1039SAT.do

*** do 1039SAT

local do "1039"
local tag "$tag/`do'" 

 ** Average SAT scores
    
    local oldvar "sat_avg"
    local newvar "Nsat_avg"
    local varlab "Average SAT equivalent scores"
    global addvars "$addvars `newvar'"

    clonevar `newvar' = `oldvar'
    lab var `newvar' "`varlab'"
    sum `oldvar' `newvar'
    recode `newvar' -99=.
    sum `oldvar' `newvar'

    list unitid instnm Nsat_avg if Nsat_avg<800, clean noob

    note `newvar': [`oldvar'] Average SAT equivalent score of students admitted. ///
         The SAT average is a constructed item from Scorecard using IPEDS data. /// 
         Laura thinks that this variable is from 13-14, but there seems to be a /// 
         lack of clear documentation.

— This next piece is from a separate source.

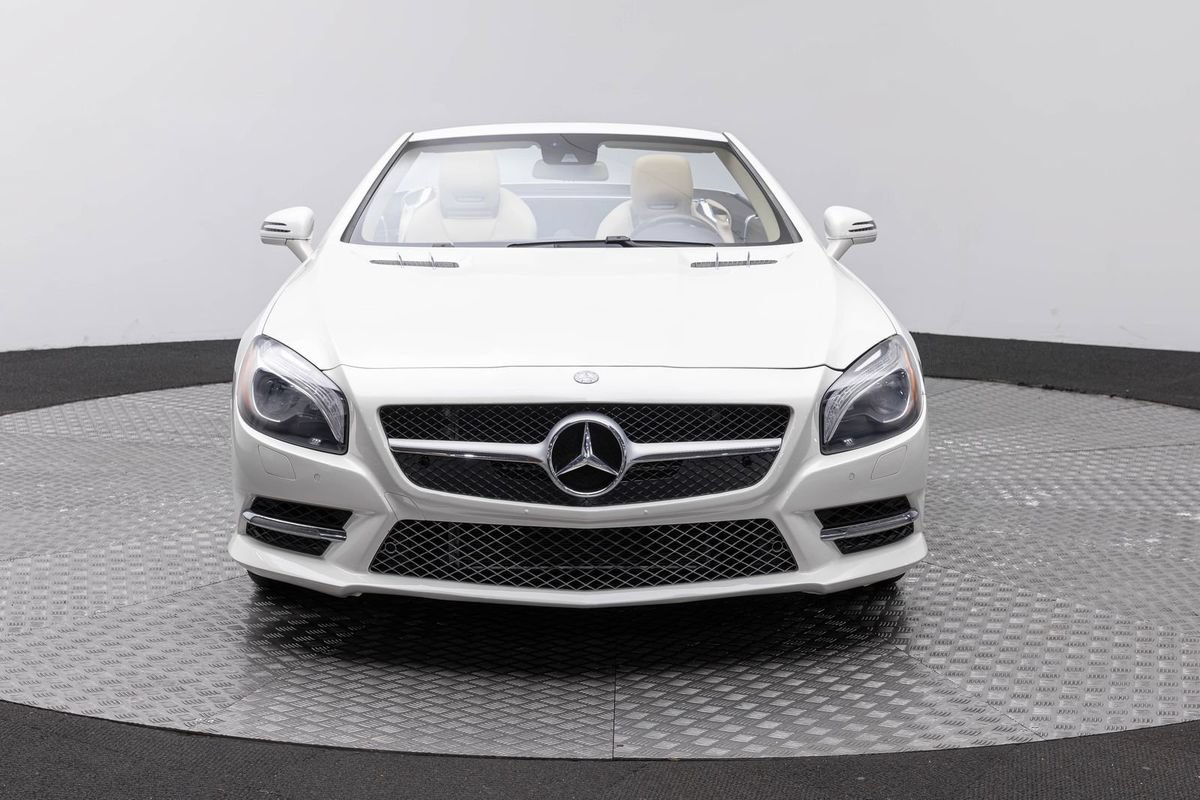 Used 2015 Mercedes-Benz SL 400 w/ Premium I Package image 3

IPEDS reports the 25th and 75th percentiles /// 
         of admitted students for all three SAT subjects. Scorecard used this /// 
         info to construct an overall average. The exact equation is not obvious, /// 
         From what I can see, it seems that the equation is (sat_avg = reading + /// 
         math + writing). For each of the subject, the score is the average of /// 
         the 25th and 75th percentiles. Some schools used all three subjects /// 
         and thus have higher scores in sat_avg, and some schools used only /// 
         reading and math. 10 schools have scores lower than 800. It’s possible /// 
         that these schools used 1 or 2 subjects in the calculation. One may /// 
         judge this by looking ///
         at what school it is. | `tag' 

    note `newvar': I don't know exactly how Scorecard construct the average SAT ///
         scores, but I like the idea of taking average from the scores based on /// 
         25 and 75 percentiles. This means that extreme scores are excluded from /// 
         the calculations. Scores from 25th and 75th percentiles, like medians, /// 
         are less affected by extreme values. If we can, we should using average /// 
         scores of 25th and 75th percentiles from 2007-2012 data. This has 2 /// 
         advantages--it takes care year variations, and it is not affected ///
         by extreme values. | `tag' 
         
    note `newvar': 160 schools have -99 (NULL). These are likely schools /// 
         that require no SAT. We should think how to deal with this. Should /// 
         not be simply missing values. | `tag'

*** Average SAT 07-13

 ** Check variables
 
    nmlab Nsat_avg sub_SAT_1213-SAT_Writ_75_0708 sub_SAT_1314-SAT_Writ_75_1314

    list unitid Nsat_avg sub_SAT_1213 SAT_critread_25_1213 SAT_critread_75_1213 /// 
                SAT_math_25_1213 SAT_math_75_1213 SAT_Writ_25_1213 SAT_Writ_75_1213 ///
                in 1/100, clean noob

 ** Average reading, math, and writing scores for 0708 0809 0910 1011 1112 1213
    
    foreach nam in 0708 0809 0910 1011 1112 1213 1314 {

        qui gen read`nam' = (SAT_critread_25_`nam' + SAT_critread_75_`nam') / 2
        qui gen math`nam' = (SAT_math_25_`nam' + SAT_math_75_`nam') / 2 
        qui gen writ`nam' = (SAT_Writ_25_`nam' + SAT_Writ_75_`nam') / 2

        qui gen coun`nam' = 0 // # of subjects available for a given year
        qui replace coun`nam' = coun`nam' + 1 if read`nam'<.
        qui replace coun`nam' = coun`nam' + 1 if math`nam'<.
        qui replace coun`nam' = coun`nam' + 1 if writ`nam'<.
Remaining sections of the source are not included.